RECORDED DATA Start Marker

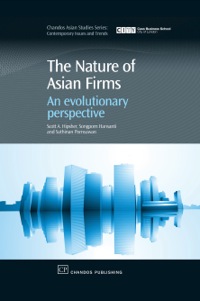 表紙画像: The Nature of Asian Firms: An Evolutionary Perspective 9781843342946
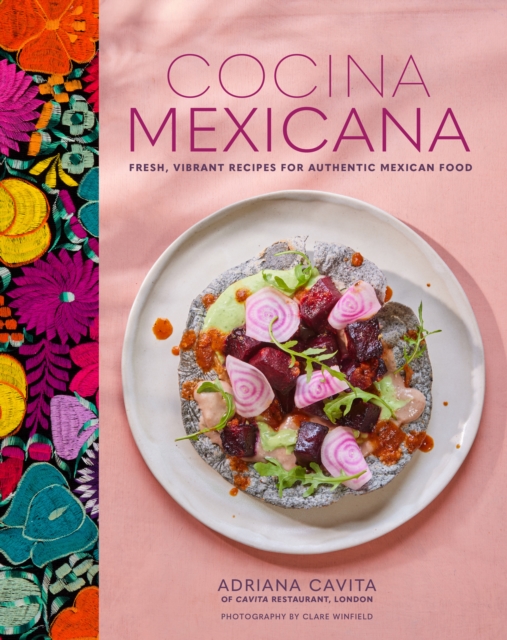 Cocina Mexicana : Fresh, Vibrant Recipes for Authentic Mexican Food, Hardback Book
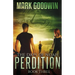 The Days of Noah, Book Three: Perdition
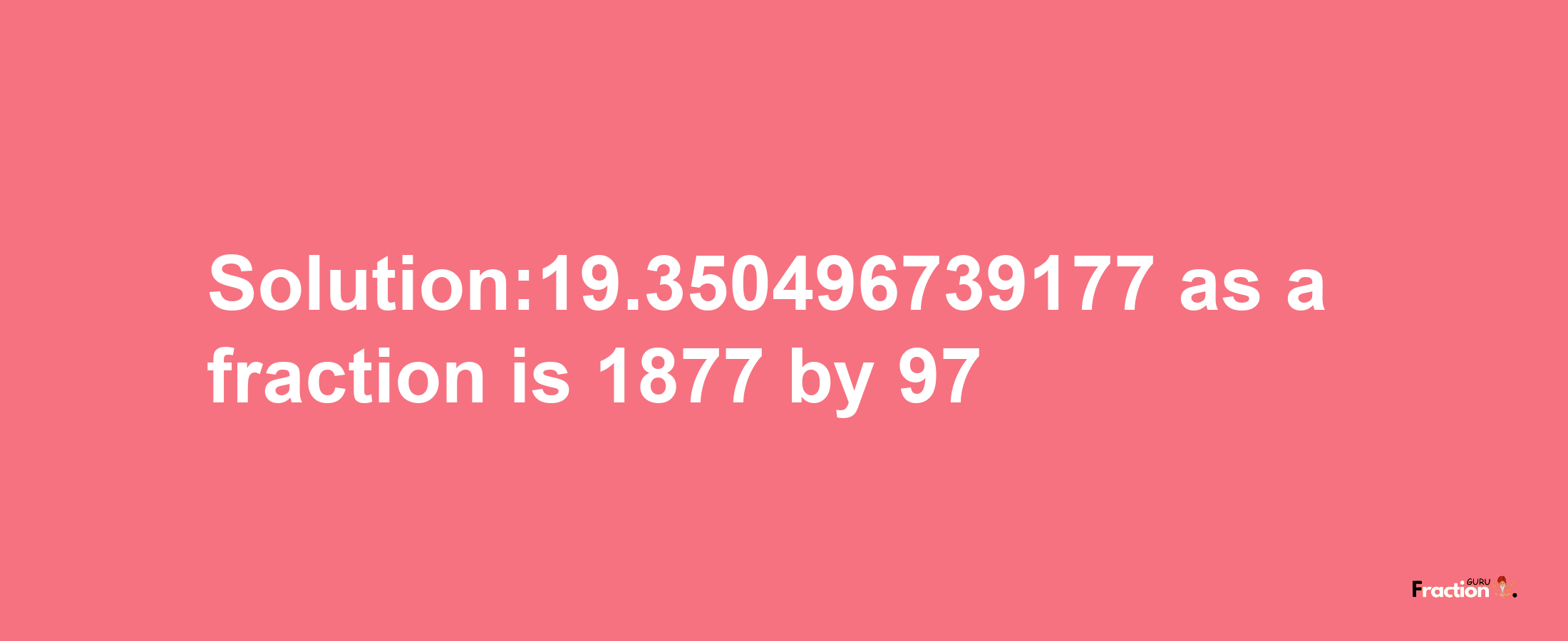 Solution:19.350496739177 as a fraction is 1877/97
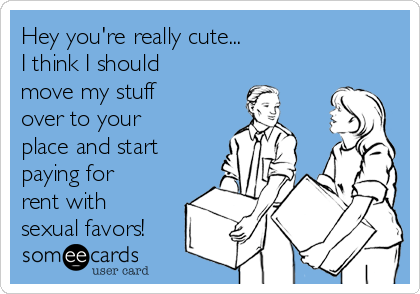 Hey you're really cute...
I think I should
move my stuff
over to your
place and start
paying for
rent with
sexual favors!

RECORDED DATA End Marker

INSTRUCTIONS FOR THE TASK:
At the line containing "The Days of Noah, Book Three: Perdition", start reproducing exactly, and stop after the last line of the listing; include both ends, and leave the pictures out.

TASK SOLUTION:
 The Days of Noah, Book Three: Perdition
 Solution:19.350496739177 as a fraction is 1877/97
 Hey you're really cute...
I think I should
move my stuff
over to your
place and start
paying for
rent with
sexual favors!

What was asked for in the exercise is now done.